The two most skilled and dynamic players on the United States’ roster are Casey Mittelstadt and Kailer Yamamoto. Both first-round picks in the 2017 NHL Entry Draft, they could figure into the scoring early and often for the United States given their dynamic play and ability to create space for themselves and others around them.
Patrick Harper, like Yamamoto, is a smaller forward but excels in the skill side of the game. While he likely won’t figure into the team’s plans in quite the same way as Yamamoto, Harper should see time in the United States’ lineup nonetheless in a lesser capacity in hopes of bringing some dynamic play to all lines on the team. He could do well paired with a guy like Ryan Poehling who does all of the little things well. His offensive production isn’t here it needs to be for him to see top-line minutes in the tournament, but his ability to make his teammates’ lives easier will be important nonetheless.
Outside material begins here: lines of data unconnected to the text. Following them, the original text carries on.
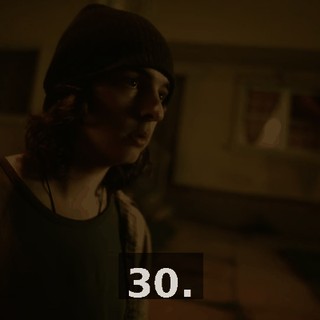 99a496ed-9240-49af-8a06-da694f1e7d08.gif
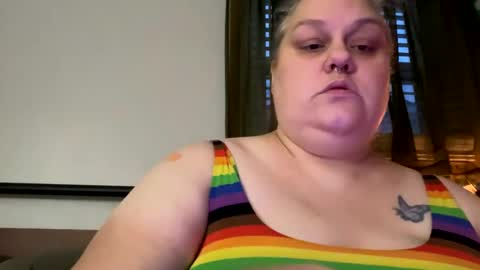 Nellie Atlas online show from December 2, 2024, 10:45 pm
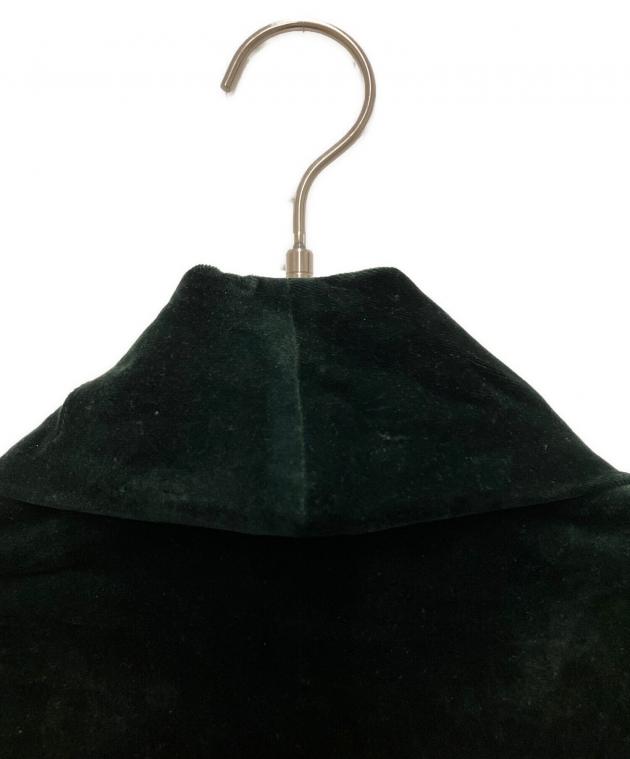 中古・古着通販】Vivienne Westwood (ヴィヴィアンウエストウッド) 90s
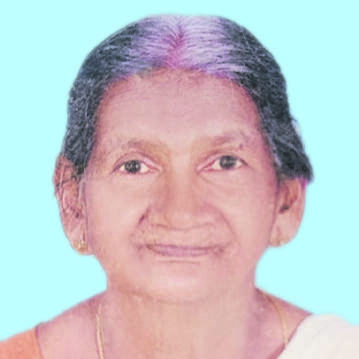 bharathi-t-85 bharathi-t-85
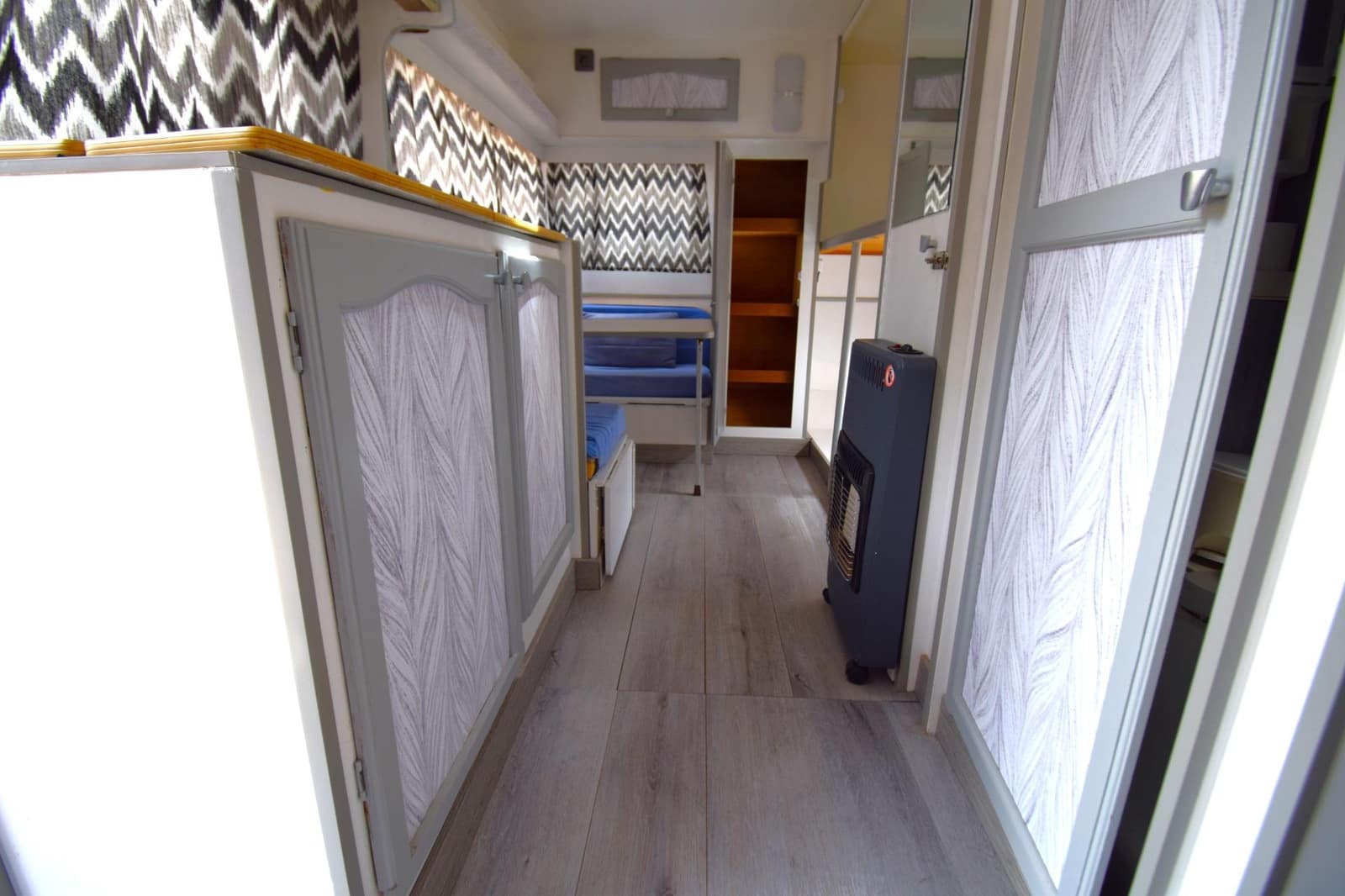 Terre non Aménagée à vendre à Petra - 75 000 € (Ref: 9904168)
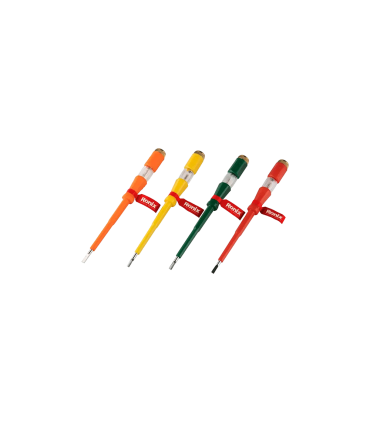 فازمتر 180 میلی متری دو سو رونیکس مدل RH-2718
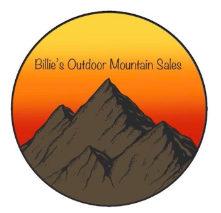 Billie's Outdoor Mountain Sales LLC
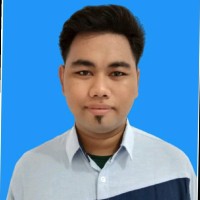 M JAMI' ARIFUDDIN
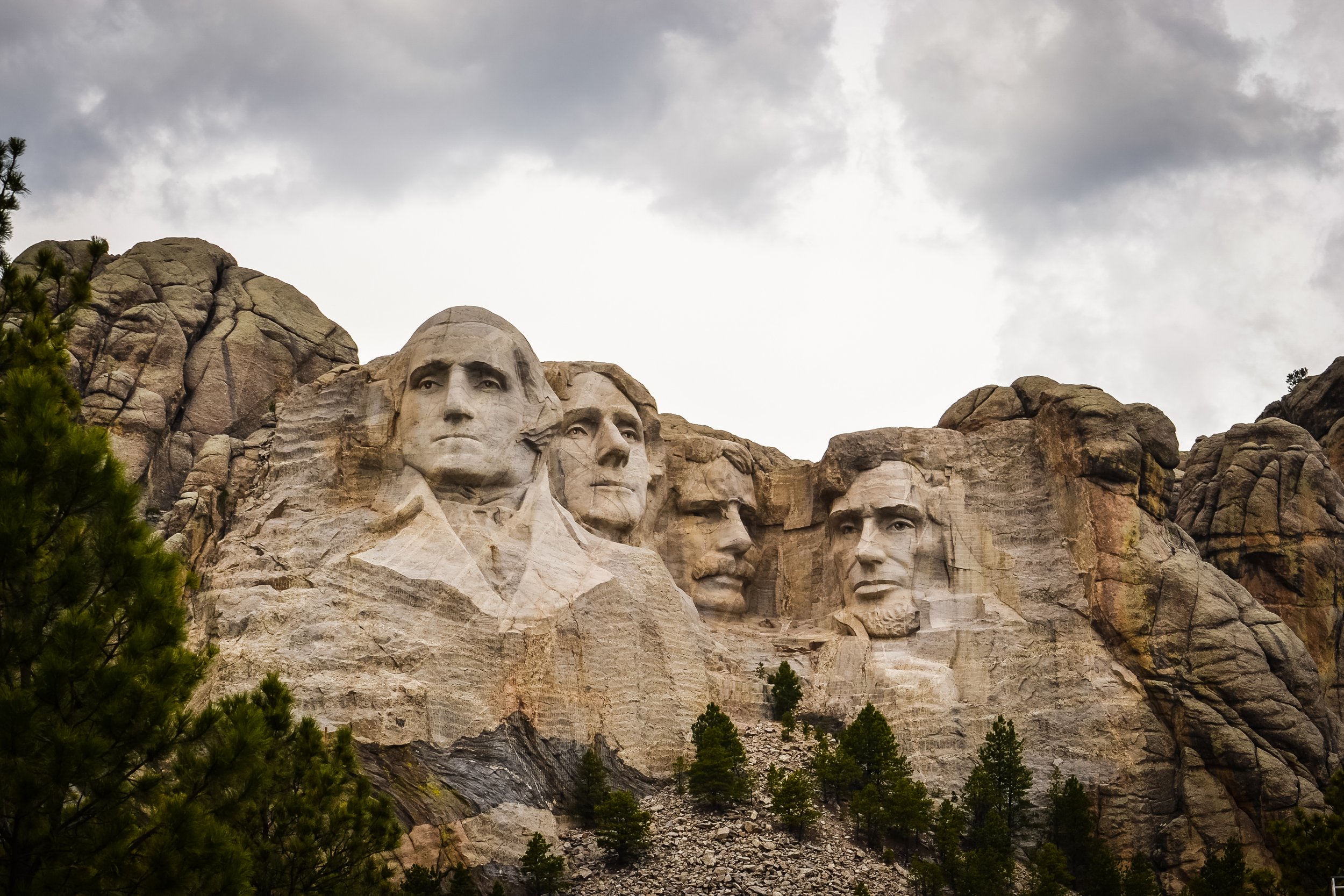 Photo May 05, 1 41 39 PM.jpg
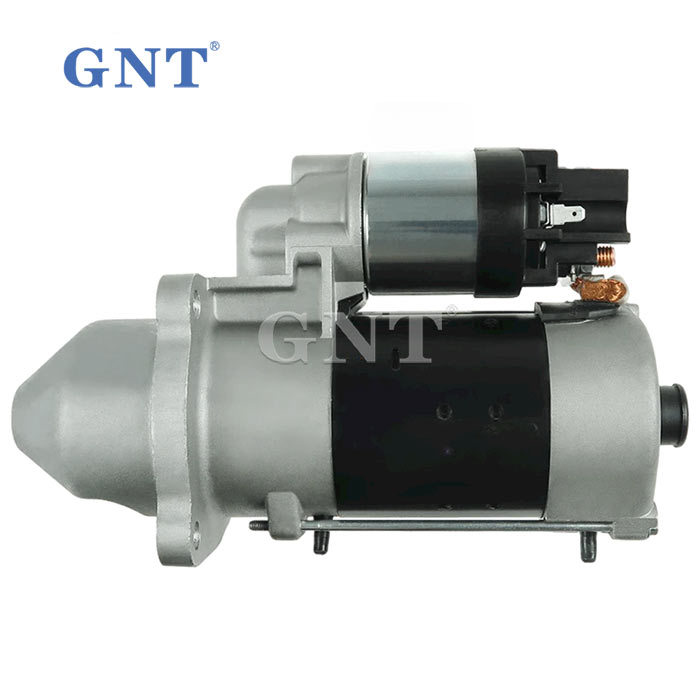 High Quality Case IH Tractor Farmall 70 Starter 11131971, 11132144, 11.131.279, 11.131.282, 11.131.526, 11.131.570, 11.131.921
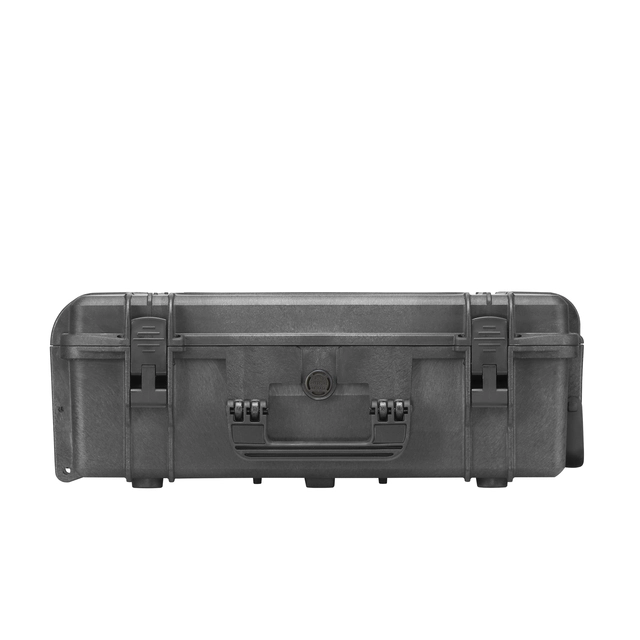 UTSTYRSKOFFERT OPTICASE 5419 IP67 538x405x190mm (innvendig) Robust 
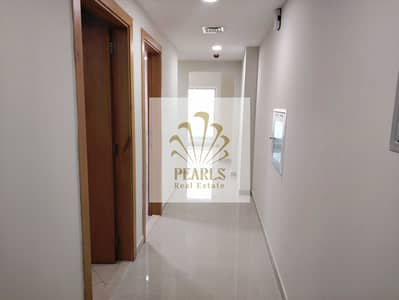 2 Slaapkamers Appartement te Huur in Emirates City, Ajman - WhatsApp Image 2026-10-06 at 13.57. 55. jpeg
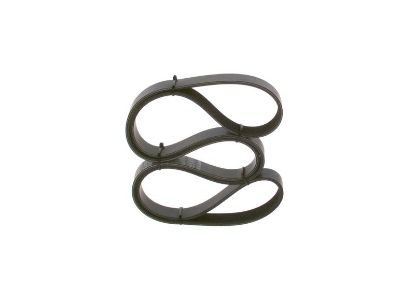 V-Ribbed Belt VAG - 03G 903 137E - 6PK1610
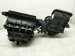 2022 Chevy Tahoe Hvac Heater Core W/blower Assy 85527839 Replacement 2022 Chevy Tahoe Hvac Heater Core W/blower Assy 85527839 Replacement thumbnail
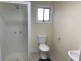 3a Bernice Place, Tamworth NSW 2340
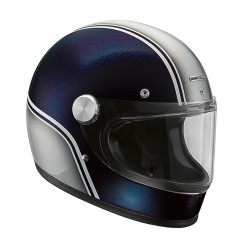 BMW Motorrad Κράνος Grand Racer Sebring ΚΡΑΝΗ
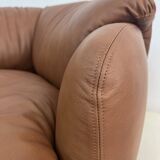 Confidential armchair  atriibuted to alberto rosselli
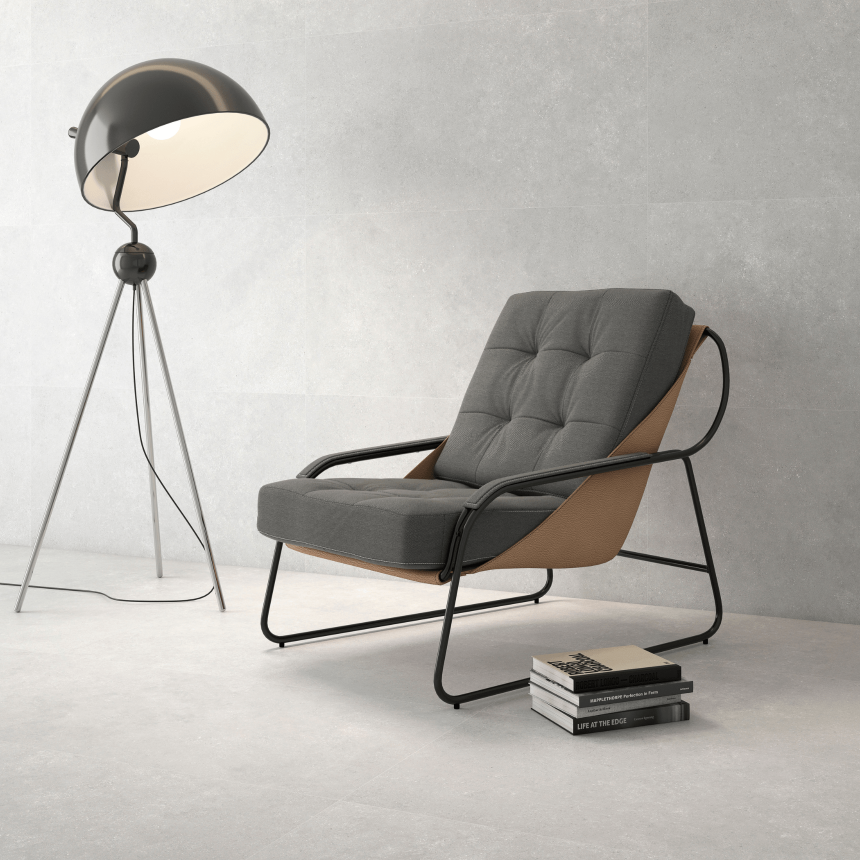 REGGIO MARFIL 600*1200 керамогранит матовый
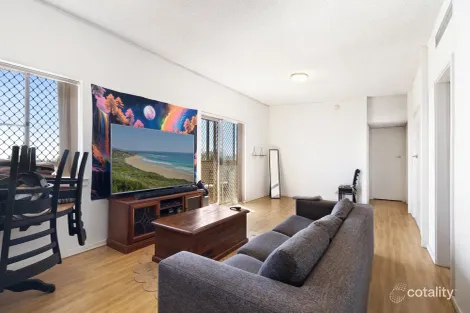 Property photo of 12/21 Hill Road Dampier WA 6713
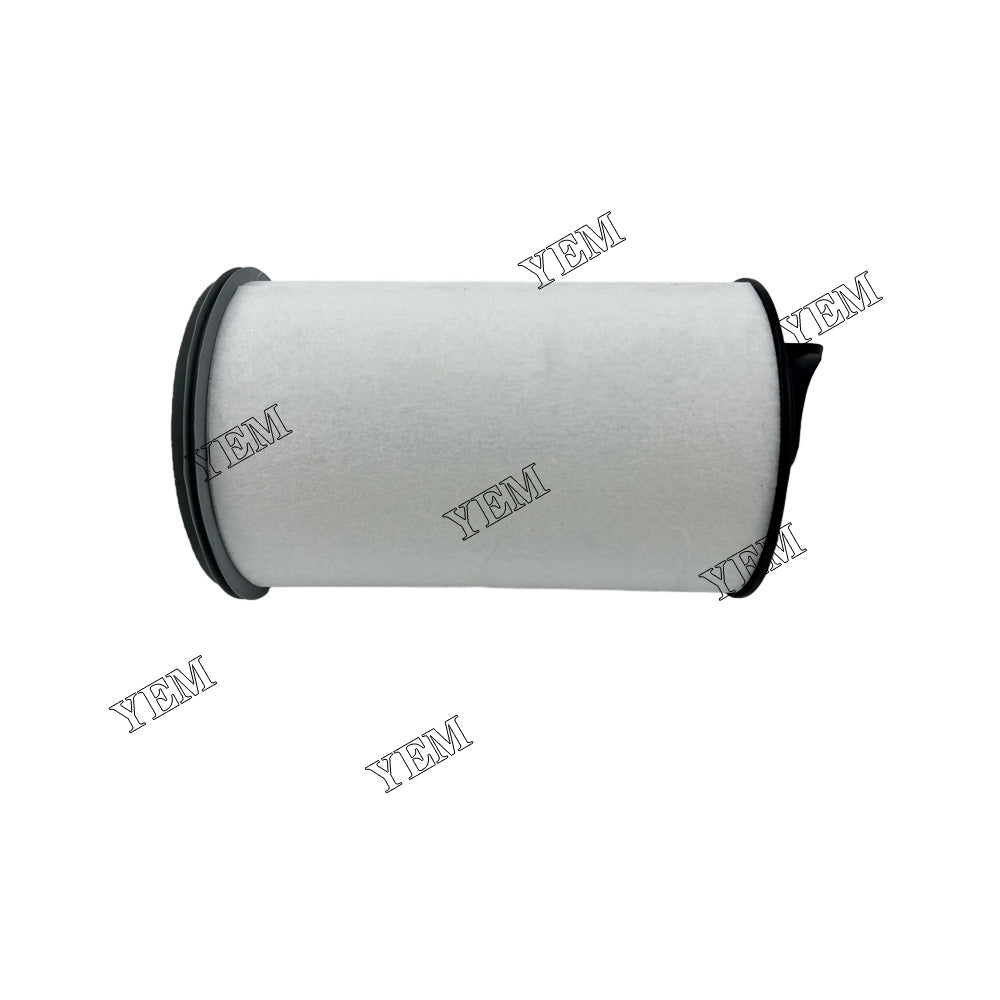 For JCB waste filter 320 07853 Engine Spare Parts YEMPARTS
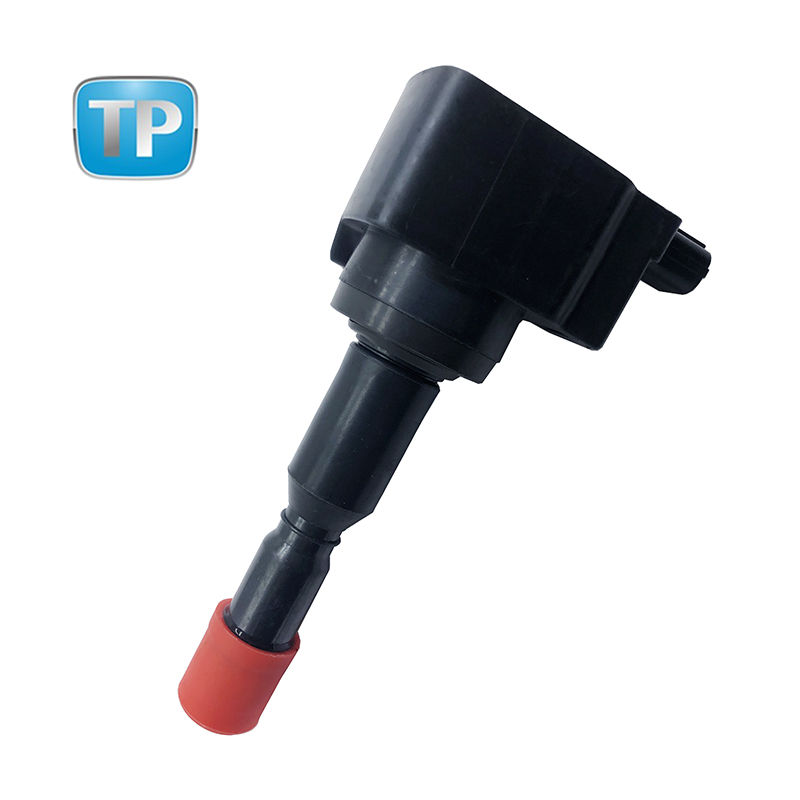 その他 Brazilution 5.3 [CD] SUZUKI GRAND VITARA Transmission CONTROL Module UNIT TCM TCU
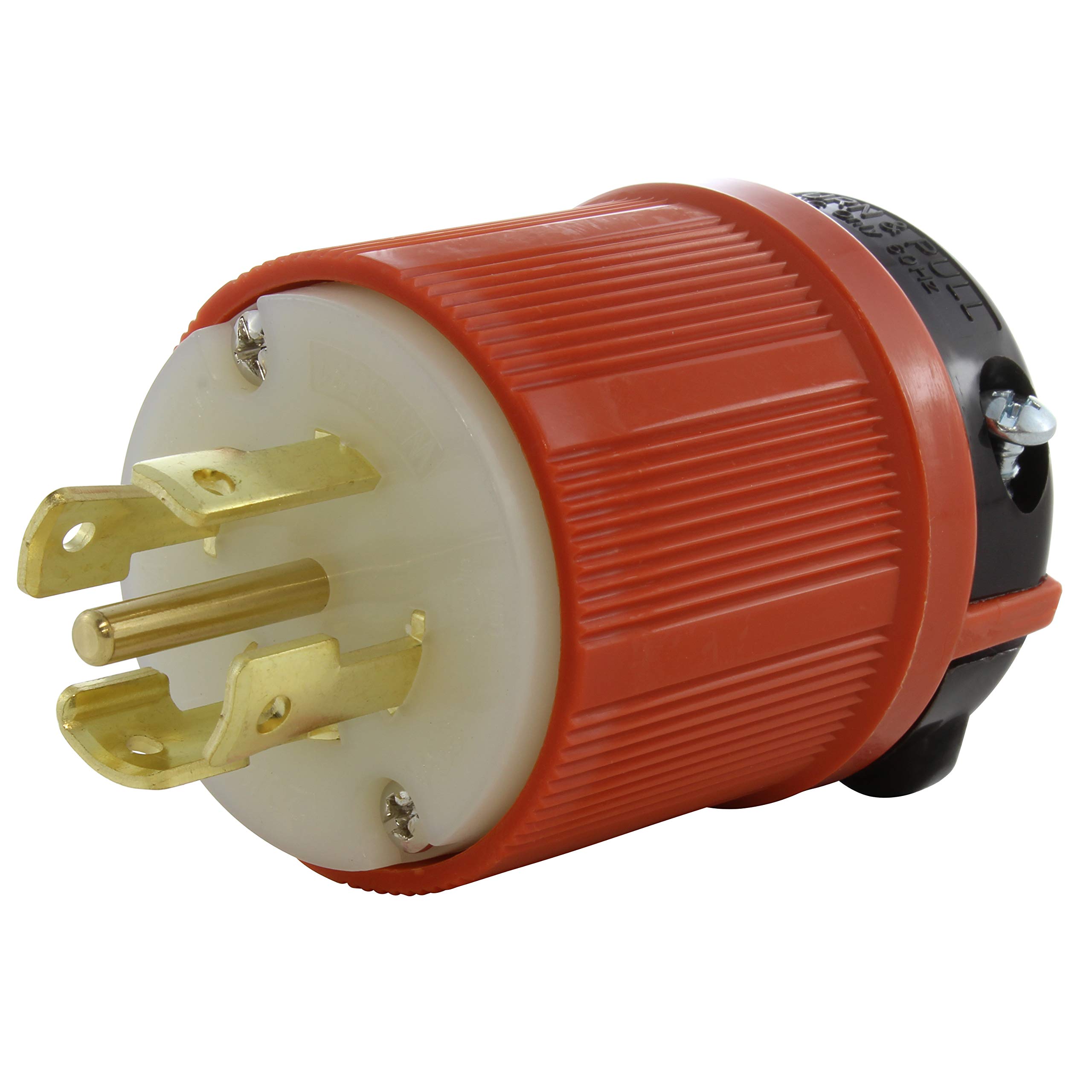 Featured image for the ac wire plug guide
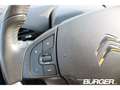 Citroen C4 SpaceTourer Picasso Spacetourer Seduction 1.6 BlueHDi 120 Grau - thumbnail 13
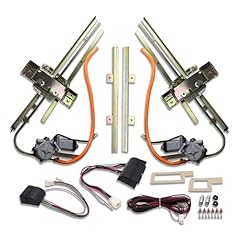 Aflle racing doors for sale  Delivered anywhere in USA 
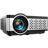 EGATE FireFlix 4X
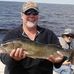 Keith Abrahamson - Facebook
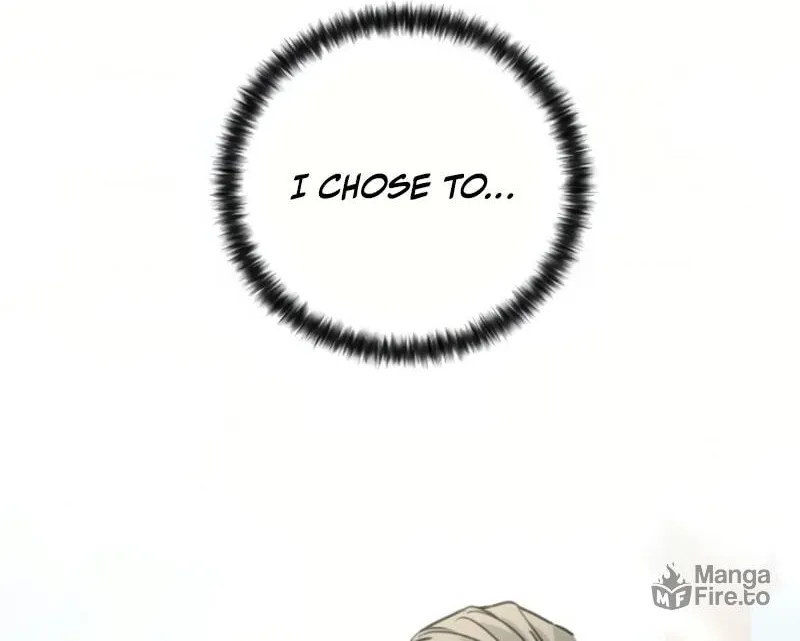 Read Beastly Things chapter 13 image 138 on Lezhin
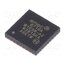 LAN8710AI-EZK-ABC IC: transceiver; 10/100Base-T; SQFN32; 1.62÷3.6V; -40÷85°C euMPHFx2L4apBswMHDEf_gejZNziuMvKTlmLvU74Y6A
Finally, Riley Tufte and Will Lockwood will bring some excellent speed for the United States in different ways. Tufte is a larger forward at 6 foot 5 and 227 pounds and should be counted on to play a physical role while dominating the board battles. Lockwood, on the other hand, could be a secret weapon on the penalty kill for the US given his excellent acceleration and top-speed.
The Bottom Line
With such a strong roster, it wouldn’t be surprising to see the United States return to the gold medal game in 2018. Given how unpredictable the World Junior Championships have proven to be in recent years, however, there’s the possibility that a top-team can fail to even make it past the round-robin portion of the tournament if they rest on their laurels and fail to give the tournament everything they have.
Talent and a strong roster can only get you so far and it’s for that reason that games are played and not just projected based on likely outcomes. Anything can happen and the US will have to be ready for that if they plan on repeating as World Champions this year.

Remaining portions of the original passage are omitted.